The Google IO app tends to serve as an example of Android best practices for the technology that was just released. The source code for the 2014 IO conference was just released so I decided to take a look. Within two minutes, I noticed something weird. I see something that appears to be a bug! This can't be.
The problem is on line 99 of the PartnersFragment. You can see the source code here: PartnersFragment.java. On that line, you will notice a call to getActivity(). The problem with that line is you shouldn't be calling getActivity() from onCreate(). That lifecycle method is too early! There is no guarantee that the activity will be available. Even if the activity is available, there is no guarantee it is a valid activity. In the worst case, this will result in passing in a null to the ImageLoader constructer, which might throw a NullPointerException.

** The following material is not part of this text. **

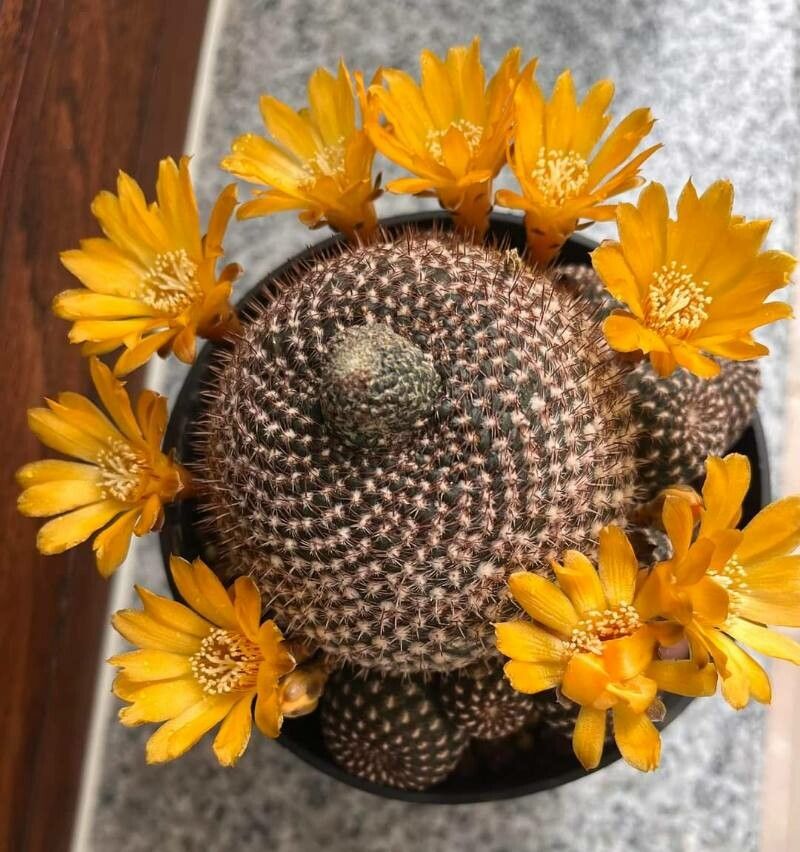 Rebutia arenacea — related species from the same genus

You might be wondering, if this is a true bug, why hasn't it been reported already. The bug does not occur all the time. In theory, it should only appear sporadically. Most of the time, the activity gets created first, then the fragment gets created. This means during the happy path, the activity is always available to the fragment. If the activity and fragment need to be recreated from their Bundles, then their is no guarantee that the activity will be available to the fragment until the Fragment.onActivityCreated() method gets called. I have seen this experimentally and in my company's Android app. Here is a Stackoverflow question about the same topic. It even includes the diagram showing you the guaranteed ordering of activity and fragment callbacks.
For all I know, Google did something else that mitigates the bug so that it never actually happens. It could be safe to pass in a null into the ImageLoader constructor. I haven't reviewed much other code yet. That doesn't mean it isn't a bug, though. If something does mitigate the crash, that is logic that could break, which would cause this bug to appear. Also, if this is supposed to serve as example code, then other developers will use Fragment.getActivity() inside of Fragment.onCreate(), not realizing that they could be crashing.